Using stemming

Finding the stem of a word involves removing any prefixes or suffixes, and what is left is considered to be the stem. Identifying stems is useful for tasks where finding similar words is important. For example, a search may be looking for occurrences of words such as book. There are many words that contain this word, including books, booked, bookings, and bookmark. It can be useful to identify stems and then look for their occurrence in a document. In many situations, this can improve the quality of a search.

A stemmer may produce a stem that is not a real word. For example, it may decide that bounties, bounty, and bountiful all have the same stem, bounti. This can still be useful for searches.
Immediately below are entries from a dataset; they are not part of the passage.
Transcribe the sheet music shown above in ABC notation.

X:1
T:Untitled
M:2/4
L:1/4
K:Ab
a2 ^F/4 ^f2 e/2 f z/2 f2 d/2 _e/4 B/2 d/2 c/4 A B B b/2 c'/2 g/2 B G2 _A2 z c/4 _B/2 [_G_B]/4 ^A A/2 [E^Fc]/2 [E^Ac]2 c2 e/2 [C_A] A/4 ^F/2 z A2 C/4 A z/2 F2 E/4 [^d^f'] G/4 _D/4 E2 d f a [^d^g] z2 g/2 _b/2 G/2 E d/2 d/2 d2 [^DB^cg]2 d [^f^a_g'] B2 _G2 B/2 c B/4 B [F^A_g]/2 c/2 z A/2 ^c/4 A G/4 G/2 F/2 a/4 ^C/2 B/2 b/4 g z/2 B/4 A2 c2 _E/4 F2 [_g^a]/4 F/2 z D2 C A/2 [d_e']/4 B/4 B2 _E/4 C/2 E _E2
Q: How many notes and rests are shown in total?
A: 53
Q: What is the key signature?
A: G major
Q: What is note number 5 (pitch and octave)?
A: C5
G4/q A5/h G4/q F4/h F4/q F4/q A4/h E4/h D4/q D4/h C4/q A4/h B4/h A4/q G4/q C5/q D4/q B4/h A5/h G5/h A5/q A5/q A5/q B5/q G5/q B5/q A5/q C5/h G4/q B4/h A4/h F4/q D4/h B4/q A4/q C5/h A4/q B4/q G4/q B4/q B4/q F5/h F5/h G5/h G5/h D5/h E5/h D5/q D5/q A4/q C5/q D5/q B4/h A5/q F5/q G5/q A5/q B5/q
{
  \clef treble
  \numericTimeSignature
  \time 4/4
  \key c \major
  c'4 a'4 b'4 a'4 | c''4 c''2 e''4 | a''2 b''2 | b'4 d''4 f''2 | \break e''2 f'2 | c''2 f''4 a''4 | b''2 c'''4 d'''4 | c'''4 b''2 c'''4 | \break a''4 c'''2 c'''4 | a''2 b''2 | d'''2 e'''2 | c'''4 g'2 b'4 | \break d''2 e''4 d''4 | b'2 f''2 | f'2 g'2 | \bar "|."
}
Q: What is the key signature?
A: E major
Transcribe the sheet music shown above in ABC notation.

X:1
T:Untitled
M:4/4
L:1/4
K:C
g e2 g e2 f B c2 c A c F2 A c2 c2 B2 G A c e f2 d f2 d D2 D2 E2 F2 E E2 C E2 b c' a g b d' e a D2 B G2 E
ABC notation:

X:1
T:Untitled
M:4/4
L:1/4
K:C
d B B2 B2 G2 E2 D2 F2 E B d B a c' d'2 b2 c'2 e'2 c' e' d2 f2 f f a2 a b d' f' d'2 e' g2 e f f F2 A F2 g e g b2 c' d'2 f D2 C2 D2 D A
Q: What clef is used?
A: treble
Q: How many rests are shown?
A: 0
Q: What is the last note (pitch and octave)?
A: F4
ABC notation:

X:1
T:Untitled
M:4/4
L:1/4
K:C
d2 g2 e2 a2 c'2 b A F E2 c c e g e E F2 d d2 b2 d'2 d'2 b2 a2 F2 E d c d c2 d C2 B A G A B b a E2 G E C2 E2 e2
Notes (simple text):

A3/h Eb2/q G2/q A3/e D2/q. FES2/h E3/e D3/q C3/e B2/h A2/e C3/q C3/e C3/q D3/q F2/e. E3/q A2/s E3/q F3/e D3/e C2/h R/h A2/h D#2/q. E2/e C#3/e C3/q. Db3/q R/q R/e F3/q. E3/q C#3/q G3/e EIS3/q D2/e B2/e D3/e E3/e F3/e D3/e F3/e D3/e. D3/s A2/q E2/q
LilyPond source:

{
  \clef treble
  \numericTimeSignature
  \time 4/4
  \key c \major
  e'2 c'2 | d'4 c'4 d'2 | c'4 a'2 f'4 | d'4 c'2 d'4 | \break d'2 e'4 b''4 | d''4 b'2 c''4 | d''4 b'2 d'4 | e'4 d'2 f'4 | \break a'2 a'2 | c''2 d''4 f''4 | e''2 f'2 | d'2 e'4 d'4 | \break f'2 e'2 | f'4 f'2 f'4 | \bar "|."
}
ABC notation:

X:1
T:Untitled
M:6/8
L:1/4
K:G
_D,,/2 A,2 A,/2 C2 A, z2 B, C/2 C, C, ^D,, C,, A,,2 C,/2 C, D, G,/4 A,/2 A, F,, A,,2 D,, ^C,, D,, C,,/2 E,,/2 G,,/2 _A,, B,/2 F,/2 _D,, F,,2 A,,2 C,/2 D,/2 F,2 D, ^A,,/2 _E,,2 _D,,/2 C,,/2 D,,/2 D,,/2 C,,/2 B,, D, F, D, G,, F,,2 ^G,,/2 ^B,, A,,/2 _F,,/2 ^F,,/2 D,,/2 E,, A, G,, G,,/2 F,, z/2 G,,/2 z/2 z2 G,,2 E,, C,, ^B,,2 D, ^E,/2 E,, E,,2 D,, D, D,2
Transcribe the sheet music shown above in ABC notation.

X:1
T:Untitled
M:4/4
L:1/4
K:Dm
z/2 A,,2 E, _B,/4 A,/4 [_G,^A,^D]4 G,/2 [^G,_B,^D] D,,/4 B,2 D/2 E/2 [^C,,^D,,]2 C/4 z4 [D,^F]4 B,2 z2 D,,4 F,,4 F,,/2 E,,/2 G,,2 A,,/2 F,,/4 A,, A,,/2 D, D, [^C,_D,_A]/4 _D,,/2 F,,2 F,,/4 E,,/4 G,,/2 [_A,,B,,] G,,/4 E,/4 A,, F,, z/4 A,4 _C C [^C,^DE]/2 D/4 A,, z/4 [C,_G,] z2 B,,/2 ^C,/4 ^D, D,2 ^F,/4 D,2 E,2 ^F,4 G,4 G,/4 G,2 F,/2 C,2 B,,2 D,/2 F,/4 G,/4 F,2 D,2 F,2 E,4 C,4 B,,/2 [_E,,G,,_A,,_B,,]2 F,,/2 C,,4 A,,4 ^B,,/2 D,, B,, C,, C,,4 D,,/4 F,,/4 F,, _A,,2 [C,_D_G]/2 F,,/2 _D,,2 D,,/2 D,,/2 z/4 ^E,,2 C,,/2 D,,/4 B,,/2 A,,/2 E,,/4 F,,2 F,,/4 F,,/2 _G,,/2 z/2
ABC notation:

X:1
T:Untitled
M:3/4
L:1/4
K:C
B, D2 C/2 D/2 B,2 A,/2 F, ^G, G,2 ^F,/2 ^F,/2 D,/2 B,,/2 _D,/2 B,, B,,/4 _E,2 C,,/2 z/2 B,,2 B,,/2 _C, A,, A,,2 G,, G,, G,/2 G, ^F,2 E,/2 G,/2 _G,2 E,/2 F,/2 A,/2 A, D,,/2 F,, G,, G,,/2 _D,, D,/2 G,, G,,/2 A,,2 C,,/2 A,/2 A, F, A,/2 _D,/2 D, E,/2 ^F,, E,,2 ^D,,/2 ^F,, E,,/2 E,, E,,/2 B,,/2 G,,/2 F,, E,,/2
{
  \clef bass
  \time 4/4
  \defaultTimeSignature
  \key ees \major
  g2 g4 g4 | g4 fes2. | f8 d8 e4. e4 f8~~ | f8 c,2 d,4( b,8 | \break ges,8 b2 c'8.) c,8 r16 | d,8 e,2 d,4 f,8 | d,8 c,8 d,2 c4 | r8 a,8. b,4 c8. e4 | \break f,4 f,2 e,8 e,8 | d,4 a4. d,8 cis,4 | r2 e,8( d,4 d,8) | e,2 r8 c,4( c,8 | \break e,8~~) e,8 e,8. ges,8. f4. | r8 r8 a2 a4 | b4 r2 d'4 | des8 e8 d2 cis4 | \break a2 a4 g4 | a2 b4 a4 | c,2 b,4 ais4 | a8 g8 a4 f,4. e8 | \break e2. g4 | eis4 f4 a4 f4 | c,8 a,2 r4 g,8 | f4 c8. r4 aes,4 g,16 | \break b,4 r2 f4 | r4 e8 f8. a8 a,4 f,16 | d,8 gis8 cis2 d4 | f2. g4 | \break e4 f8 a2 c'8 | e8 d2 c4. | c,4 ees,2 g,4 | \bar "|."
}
Similar to stemming is lemmatization. This is the process of finding its lemma, its form as found in a dictionary. This can also be useful for some searches. Stemming is frequently viewed as a more primitive technique, where the attempt to get to the root of a word involves cutting off parts of the beginning and/or ending of a token.
Lemmatization can be thought of as a more sophisticated approach, where effort is devoted to finding the morphological or lexical meaning of a token. For example, the word having has a stem of hav while its lemma is have. Also, the words was and been have different stems but the same lemma, be.
Lemmatization can often use more computational resources than stemming. They both have their place, and their utility is partially determined by the problem that needs to be solved.